А потом прошла презентация этого многотомника. На его базе она выпустила два однотомника. Один на русском, а второй – на английском языке. Наряду с текстами, наконец-то, в распоряжение исследователей поступило огромное количество музыки, записанной в различных регионах. Там, фактически, не звуча ли музыкальные инструменты. Было лишь пение а капелла всех тех, кто мастерски умел исполнять эти песни-жалобы и песни-плачи. Когда в этом проекте была поставлена последняя точка, она поняла, что боли больше нет. Что она свободна. И от добра, и от зла. И, что в её душе нет больше места для любви к нему. И для него. Есть она и её сын. И её удивительный талант, позволяющий ей так остро чувствовать душу и дух своего народа. Вот именно тогда в их село вихрем ворвался он.
ОН
Страсти улеглись. Пустота осталась. Пустота рядом с ним и пустота внутри него. А потом он совершенно случайно встретил одного из своих приятелей, который участвовал в том самом проекте, в рамках которого они с женой и познакомились. И тот говорил очень странные вещи. Вначале ему показалось, что всё, что он слышит, это просто какой-то бред. А потом этот приятель сбросил ему на почту какие-то материалы. Он начал их читать и слушать. И вдруг его сознание пронзил один-единственный вопрос. Разве очень счастливый человек будет заниматься траурными песнопениями? Ответ был очевиден. Если столь глубокой, настоящей, ранящей душу и иссушающей тело, боли нет в тебе, то ты задохнёшься в море этой печали. Как она тогда говорила? Кажется, что-то о том, что какую бы дверь ни пытался бы открыть человек, он неизбежно попадает в обитель печали.
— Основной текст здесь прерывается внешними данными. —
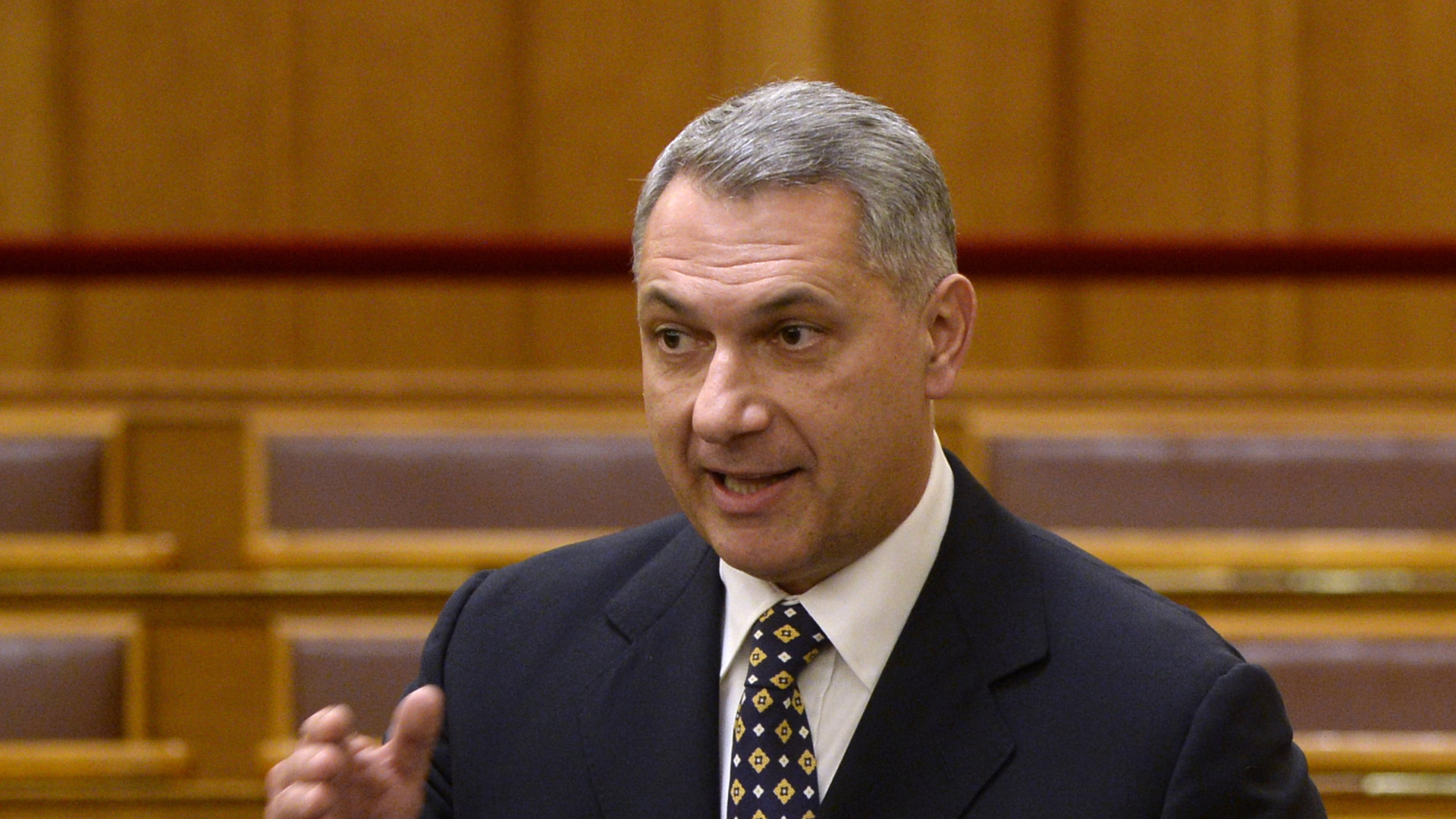 Megszavazták: Lázár János kezébe kerülnek a települések beruházásai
Но если в душе её царит печаль, то что же это означает?
Господи боже мой! Неужели эта печаль как-то связана с их безумным расставанием? Если в этой версии была хотя бы крупица истины, то это означает лишь то, что у него есть надежда на то, чтобы выжить, не превратиться в робота без чувств и эмоций, не сгореть дотла от сжигающего чувства вины, не задохнуться от горечи, которой пропитан каждый миг его теперешнего существования.
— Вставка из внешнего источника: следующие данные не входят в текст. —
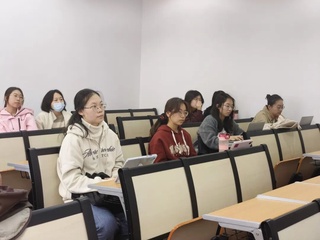 活动回顾 | 脱衣舞
举办2025年生涯启航月系列活动之「保研经验分享会」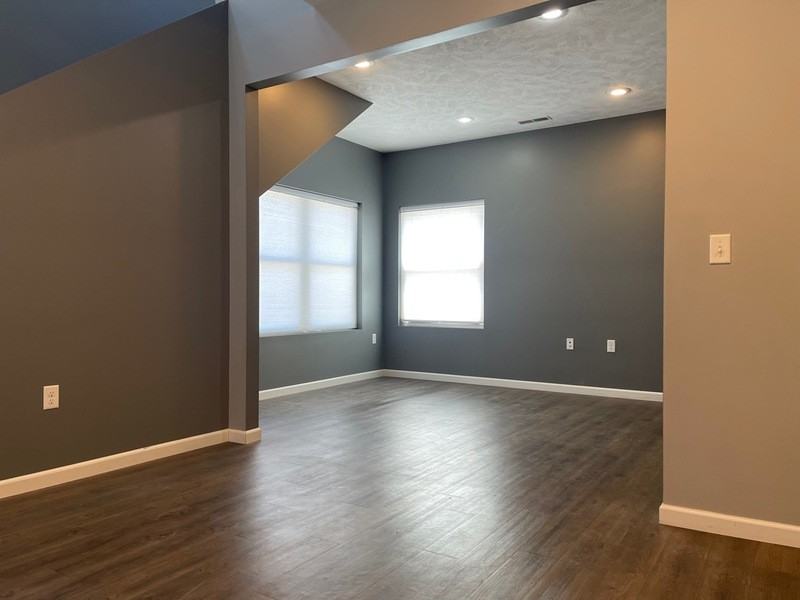 204 Carey St #2304APT4 - Photo 5 of 11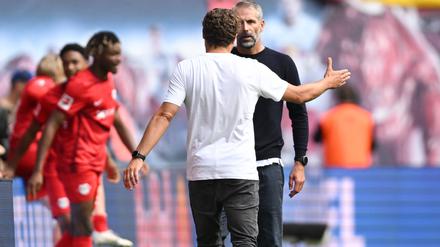 Glückwunsch, Kollege. Edin Terzic (links) und Marco Rose haben ihre Teams wieder auf Vordermann gebracht.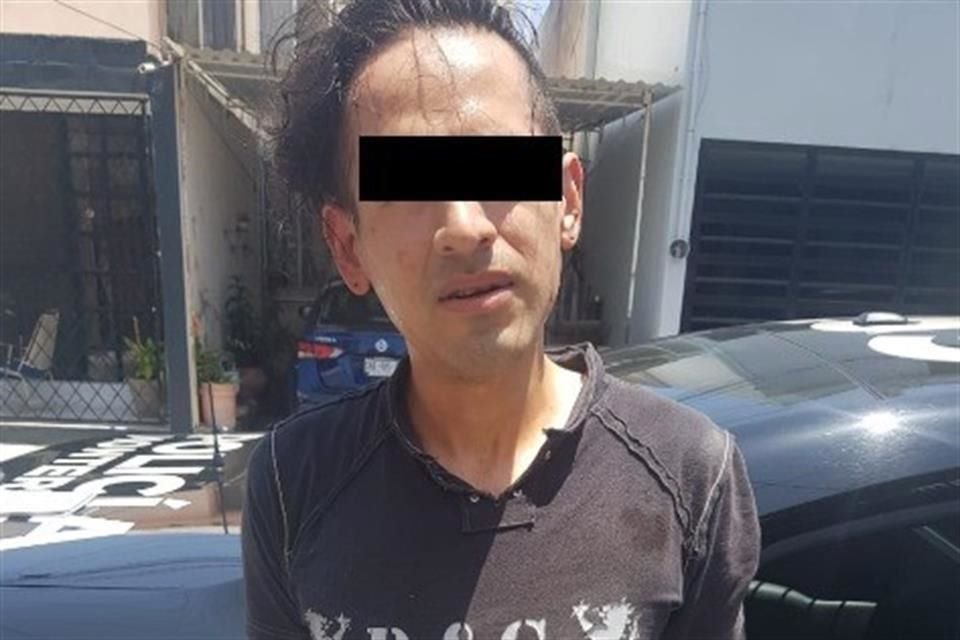 Jonás Emmanuel, de 31 años, fue detenido por elementos de la Policía de Monterrey, alrededor de las 16:00 horas, tras un reporte de violencia familiar hecho por vecinos.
И с первых же строк этого труда, уже выставленного в интернете, он понял, что такое могла написать только она. Это была мощная зацепка. Сначала он вышел на типографию, потом на издательство, а следом на звукозаписывающую компанию. Прошло меньше суток, а он уже въезжал в это село. Подъезжал к дому, в котором она, видимо, сейчас жила.
Его сердце готово было выскочить из груди. А потом просто остановилось. Остановилось оно тогда, когда он увидел, что на крылечке этого дома сидит малыш, являющийся его точной копией. Один в один. И точно так же, как это делал он сам много лет тому назад, этот малыш ковыряется в носу. Что-то достаёт из носа, а потом долго и внимательно разглядывает. Он сделал всего лишь шаг ему навстречу, как был тут же остановлен. Вопрос малыша прозвучал, как выстрел:
– А ты кто?
– А как ты думаешь?
– Наверное, ты – это я. Но уже тогда, когда я вырасту. Так?